Baits are prepared by, for example, combining a mixture of a suitable food source, such as grain or meal for cockroaches, with an amount of active ingredient sufficient to provide the desired result; for example, from about 0.001% to about 20% weight active ingredient and forming the mixture into a paste by the addition of about 1% to 5% of a water based binder such as agar. The paste-like mixture may be applied as is or may be packed into a housing such as a plastic tube or bait station. In other embodiments, sheets of paper or cardboard can be sprayed with or dipped in a diluted formulation containing the active ingredient. Baits are a preferable embodiment of the present invention.

Emulsifiable concentrates usually contain, in addition to a solvent and, when necessary, co-solvent, 10-50% weight per volume active ingredient, 2- 20% weight per volume emulsifiers and 0-20% weight per volume of other additives such as stabilizers, penetrants and corrosion inhibitors.

Emulsifiable concentrates usually contain, in addition to a solvent and, when necessary, co-solvent, 10-50% weight per volume active ingredient, 2- 20% weight per volume emulsifiers and 0-20% weight per volume of other additives such as stabilizers, penetrants and corrosion inhibitors.

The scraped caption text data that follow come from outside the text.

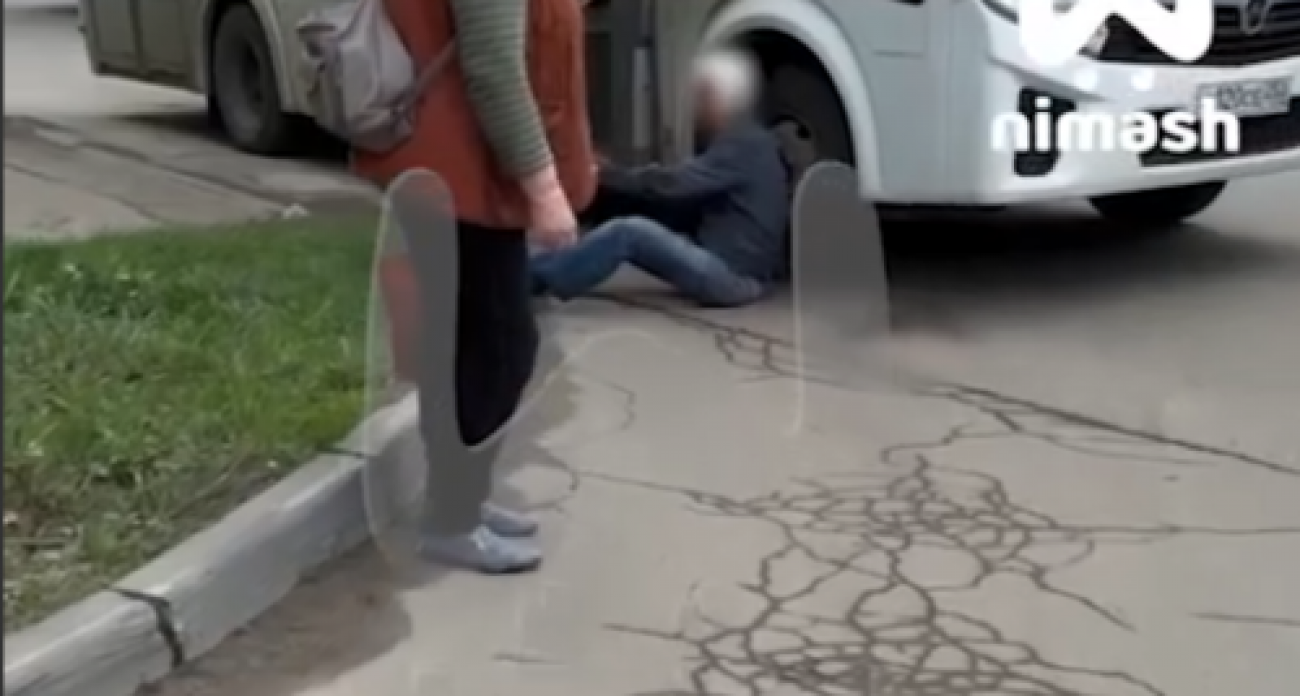 Автобус переехал мужчину в Приокском районе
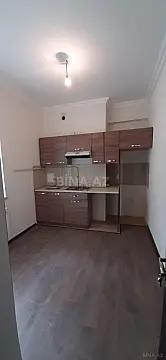 Satılır 1 otaqlı mənzil 40 m²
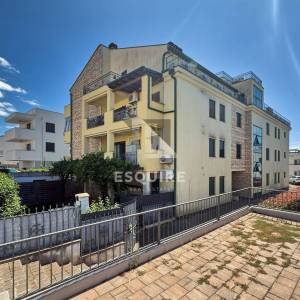 ZADAR - DIKLOVAC dvosoban stan na 1. katu, pogled na more - 80m2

Suspension concentrates are usually compounded so as to obtain a stable, non-sedimenting flowable product and usually contain 10-75% weight active ingredient, 0.5-15% weight of dispersing agents, 0.1-10% weight of suspending agents such as protective colloids and thixotropic agents, 0-10% weight of other additives such as defoamers, corrosion inhibitors, stabilizers, penetrants and stickers, and water or an organic liquid in which the active ingredient is substantially insoluble; certain organic solids or inorganic salts may be present dissolved in the formulation to assist in preventing sedimentation or as anti-freeze agents for water.

Aqueous dispersions and emulsions are compositions which may be obtained by diluting a wettable powder or a concentrate with water. The said emulsions may be of the water-in-oil or of the oil-in-water type, and may have a thick 'mayonnaise'-like consistency.